Человек благородных устремлений, Поленов романтик и в так называемой личной жизни. "Вы исчезли, я остался, как озаренный светом… Шел снег с дождем, огромные мокрые хлопья так и залепляли лицо, всюду грязно, мокро, пронзительный ветер, а я стоял на ступеньке Вашего крыльца и был несказанно счастлив, и лучшей минуты в моей жизни не было…"
На взгляд черных раскосых глаз скуластой смуглой женщины он натолкнулся случайно, на станции Орел. Любил ее долго и верно. Без взаимности. Много лет спустя она, певица Климентова, женщина, так и не нашедшая своего счастья, написала семидесятилетнему Поленову: "Рыцарь красоты! Какое славное наименование дал Вам С. Мамонтов".
А рыцарь красоты все-таки свое счастье нашел. Наташа Якунчикова ждала его долгие годы. Дождалась, стала верной женой и товарищем. "Ты умеешь наслаждаться высоким в искусстве", — говорила она о нем. Жизни без театра, музыки, литературы не представлял. Театрально-музыкальные кружки, рисовальные, акварельные, увлечение старинной русской резьбой, декорационная деятельность, наконец, Абрамцевский кружок Саввы Морозова — какая-то физически невмес-тимая жизнь. А по вечерам они с Наташей читали вдвоем.
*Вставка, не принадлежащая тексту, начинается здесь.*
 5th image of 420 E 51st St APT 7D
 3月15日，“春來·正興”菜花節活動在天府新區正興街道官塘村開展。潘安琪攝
Слишком много для одного человека. Но Поленов был "его величество работником", жадным к познанию и труду, владел кистью, столярным и огородным инструментами. Как богу поклонялся Александру Иванову, жил в Альбано, но пейзаж, писанный Ивановым, повторить не поимел. Стоял на перепутьях российских художественных путей и, рождая новое, увязал в приемах старой школы. Но и здесь отличался щедрой четкостью. Редко кто может похвастать такими учениками — Коровин, Архипов, Левитан, Головин, Пастернак… Они пошли дальше. Освободили мазок от сковывающих пут гладкописи. Ну а он оставался Поленовым, не признававшим школ и направлений, делившим "художников на два сорта — талантливый и бездарный".